Era un invierno frío, de esos que congela los dedos y te deja
inmóvil observando la escarcha en el agua, en aquel lugar vivía una familia
humilde con sus pequeños hijos, su casa era de ambientes estrechos compuesta
por dos habitaciones, un baño y una cocina comedor en la que había un hogar, y
cada noche se reunían alrededor para atenuar el frío y entablar largas
conversaciones sobre cómo enfrentar la crisis económica que estaban sufriendo.
Llegaba el invierno y eran pollitos amontonados al lado del hogar, sus huesos sentían
el frío y sus estómagos pasaban días estando vacíos.
La crisis los obligaba a tomar una decisión, los niños no
podían seguir asistiendo a la escuela y al igual que las golondrinas ellos
debían emigrar, aún eran pequeños, de test pálida, ojos prominentes que
escondían lagrimas de tristeza y una contextura física delgada y débil, pero
aún así en la ciudad se los esperaba para trabajar.
Acompañados por su padre y con un beso de su madre partieron
a la ciudad con la esperanza de lograr una mejor calidad de vida y poder
regresar, algún día, a su nido familiar.
Al llegar, su padre los dejó con un señor que prometía
brindarles bienestar, un lugar para dormir, comida y todo lo que necesitaran a
cambio de algunos trabajitos. Pero claro, nadie preguntó a qué tipos de
trabajos se refería. La mañana siguiente, los niños despertaron y fueron
llevados a un lugar donde comenzaría su jornada laboral. Allí los recibieron y
le asignaron a cada uno un trabajo, increíblemente, esos cuerpo diminutos y
débiles debían esforzarse para cargar grandes y pesadas bolsas llenas de cereal
sobre sus espaldas, trabajar en construcciones, cavar pozos y hacer todo lo que
a los señores de traje y corbata se les ocurriera.
Al caer el sol todos abandonaban sus puestos de trabajo y
ellos al igual que hormiguitas debían permanecer allí un rato más. Ya entrada
la noche los autorizaban a retirarse pero aún trabajando de esa manera el plato
de comida que les habían prometido estaba ausente día tras día.

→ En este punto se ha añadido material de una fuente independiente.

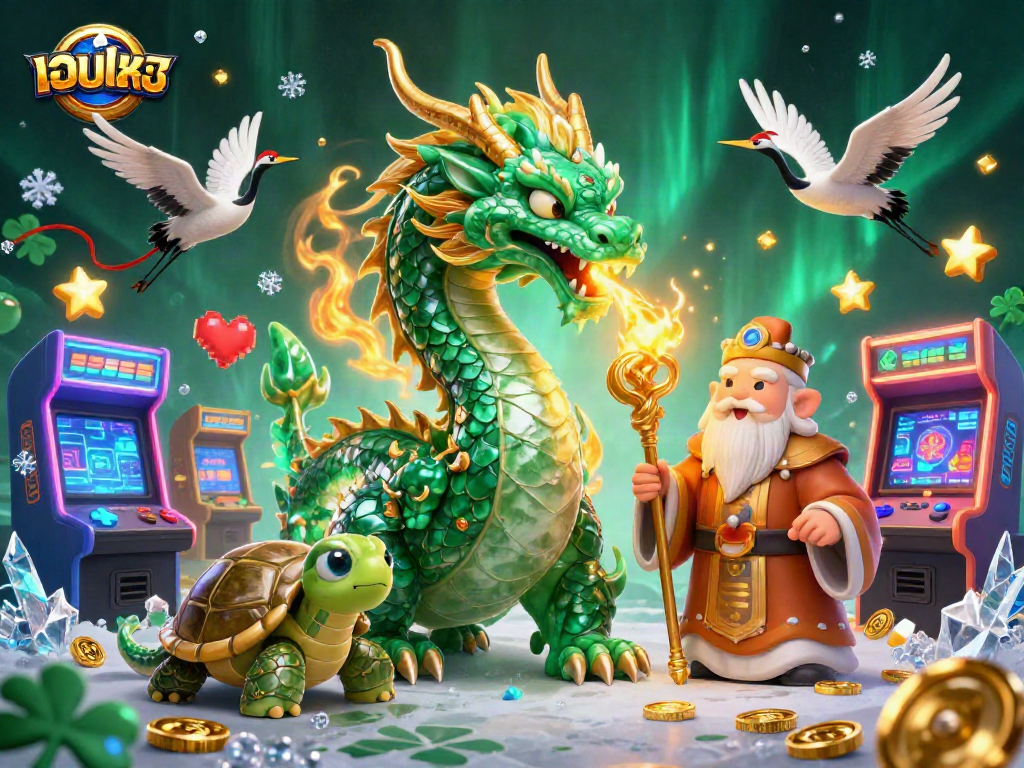 Engage in เว็บตรง gaming with this vibrant 3D illustration featuring magical characters and arcade elements.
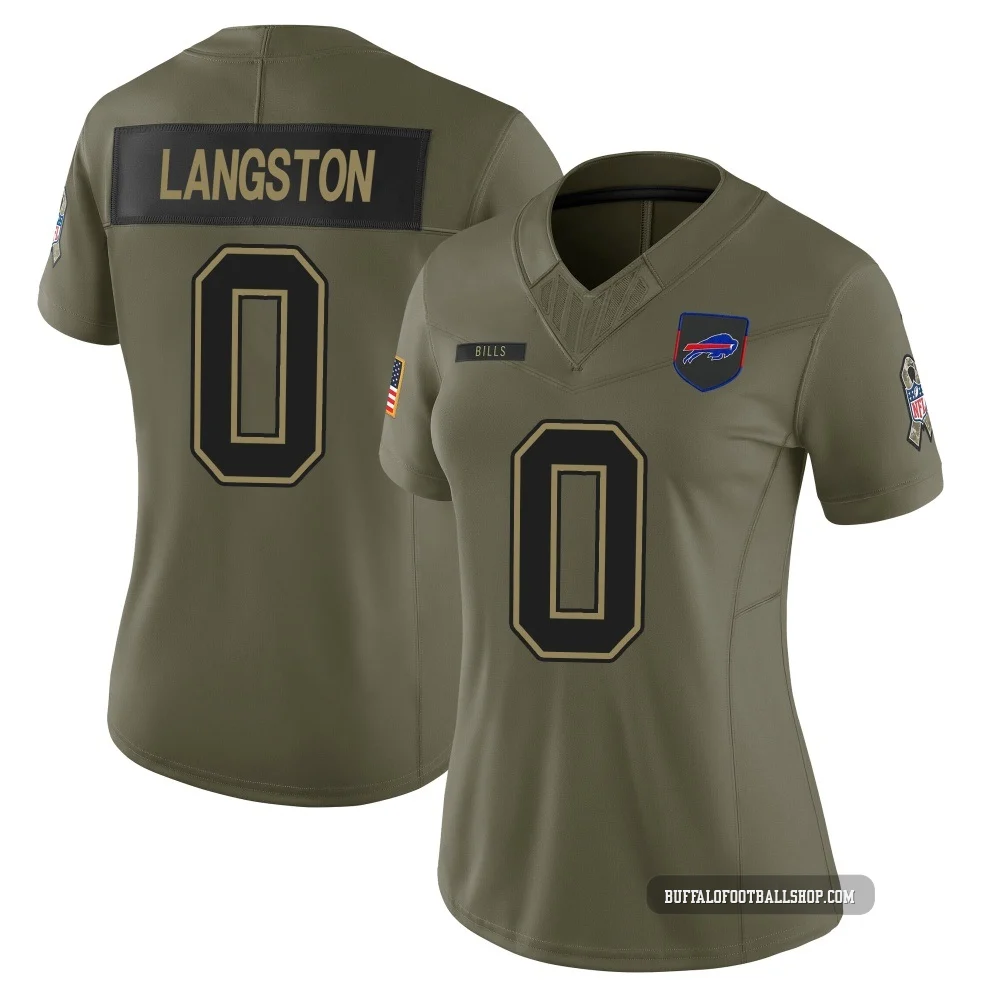 Mark Langston ＃0 Buffalo Bills Limited Olive Women's 2025 Salute to Service Jersey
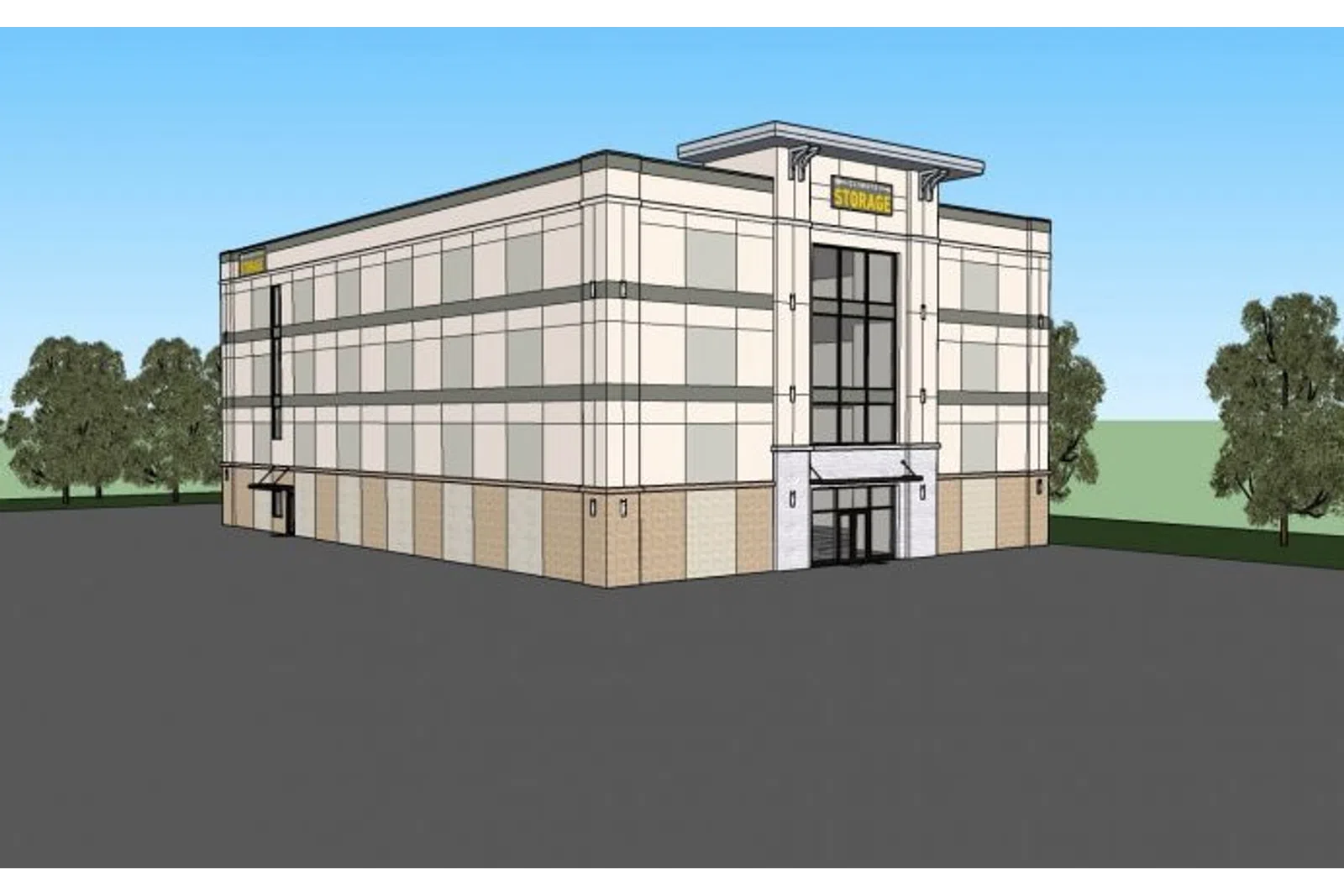 Modern three-story storage facility building with large windows and surrounding trees under a clear sky.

Los días eran fríos como aquel invierno en su pueblo y aunque
se aproximaba la primavera en sus miserables vidas no existían ni flores, ni
colores. Lejos de su familia, explotados laboralmente y sin la posibilidad de
escapar de la cruda realidad que les tocaba y que estaba muy aislada de lo que ellos
soñaban. Sus ilusiones se desplomaban como las hojas en otoño, el alma se les
estremecía y el corazón mantenía su dureza para no quebrar.
Eran niños que tuvieron que hacerse grandes, se separaron de
su familia en busca de un bienestar que nunca lograron. Es una dura realidad
que nos rodea, no todos la ven pero existe; gente con poder que abusa de los
inocentes, los más débiles que terminan convirtiéndose en la presa fácil de
aquellos que se creen rey de la selva.